Monday, December 27, 2010

Marty St. Louis plays for Tampa Bay Lightning despite flu

By Joe Smith, Times Staff Writer
Sunday, December 26, 2010

ATLANTA — The streak is still alive.

Though there was doubt whether Lightning RW Marty St. Louis would play Sunday in his 426th consecutive game, the assistant captain found a way to stay in the lineup against the Thrashers and make an impact.

"He's a warrior," captain Vinny Lecavalier said.

It didn't look good early in the day, as St. Louis, battling the flu, did not travel with the team to Atlanta and missed the morning skate.
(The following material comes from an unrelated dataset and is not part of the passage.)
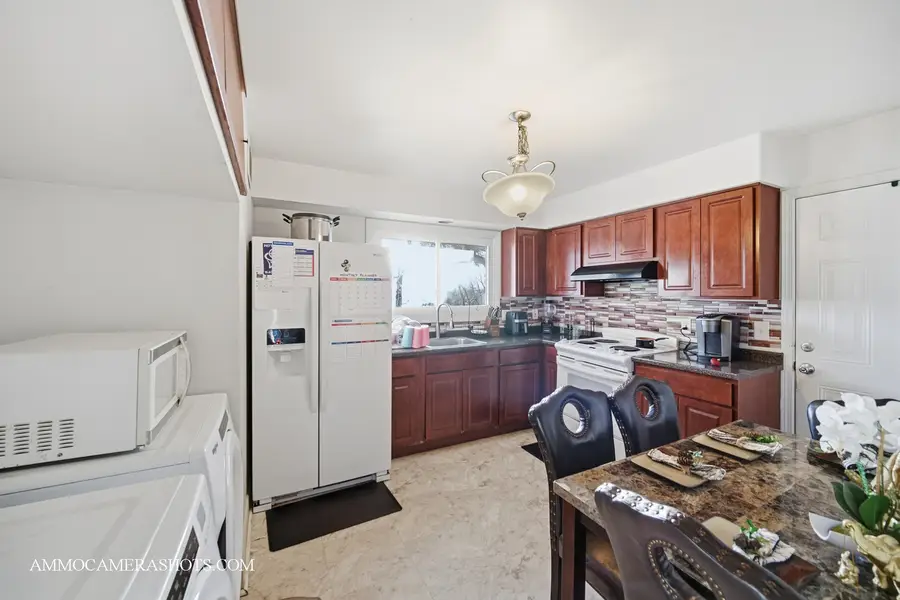 909 Bishop Avenue, Aurora, IL 60506 - Image #3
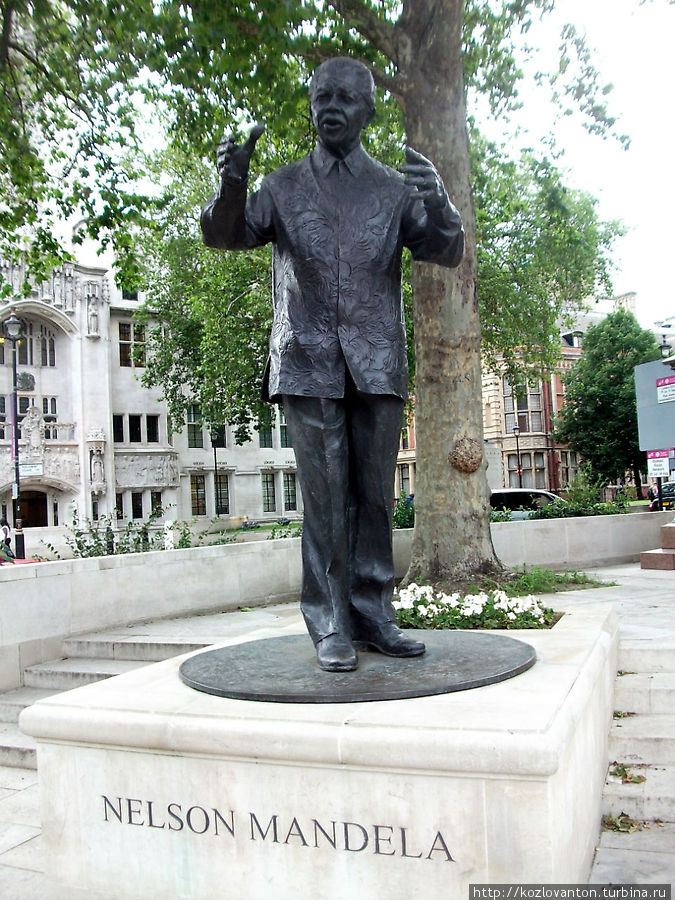 А вот и другой Нельсон — Мандела в сквере через дорогу от английского парламента. Гринвич, Великобритания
Coach Guy Boucher said St. Louis had been throwing up throughout Saturday night and called head athletic trainer Tommy Mulligan at 1 a.m. and 4 a.m. Boucher said he found out about St. Louis' condition in a call from him before the 8:30 a.m. charter flight out of Tampa.

"I got (the call) coming to the airport," Boucher said. "He said, 'How you doing, Coach? I said, 'Good, and you?' 'Well, you might not feel so good after this.' Obviously it's Marty, so we need him."
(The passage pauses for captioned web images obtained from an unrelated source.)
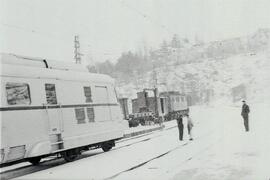 Automotor diésel TAF de la serie 595 de RENFE en la estación de Cercedilla nevada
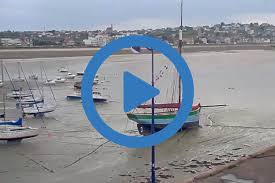 Erquy En Direct Du Port De Plaisance Voile Moteur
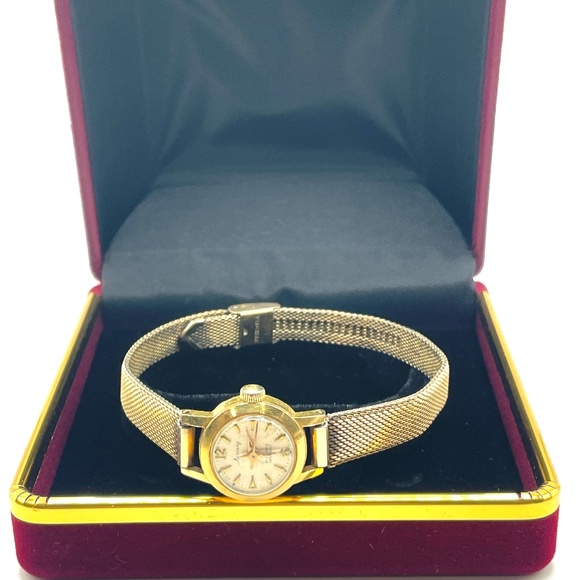 Beautiful Vintage Mercury Women's Mechanical Watch - Picture 5 of 6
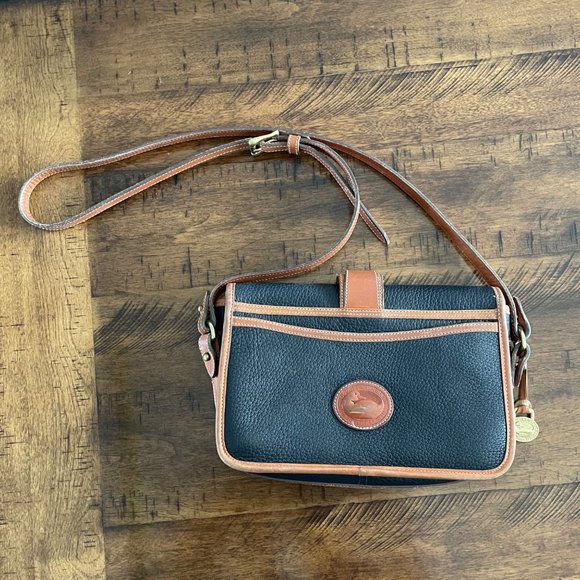 Dooney and Bourke Vintage Flap Black Brown Leather Adjustable Crossbody Bag - Picture 2 of 13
St. Louis ended up taking a later commercial flight, arriving in the afternoon. He said the extra sleep and IV treatments helped. Though St. Louis said he wasn't his usual self on the ice, he picked up two assists, as well as a cut under his left eye from a high stick, an interesting end to a "weird 24 hours."

"You can look at it like, 'What a bad day,' " St. Louis said. "But, for me, it's a great day compared to how it started at midnight."

CASE CLOSED: Though C Nate Thompson and Thrashers LW Eric Boulton engaged in a back-and-forth a couple of weeks ago about Boulton's knee-to-knee hit on Thompson in their last matchup, they didn't anticipate it being an issue Sunday.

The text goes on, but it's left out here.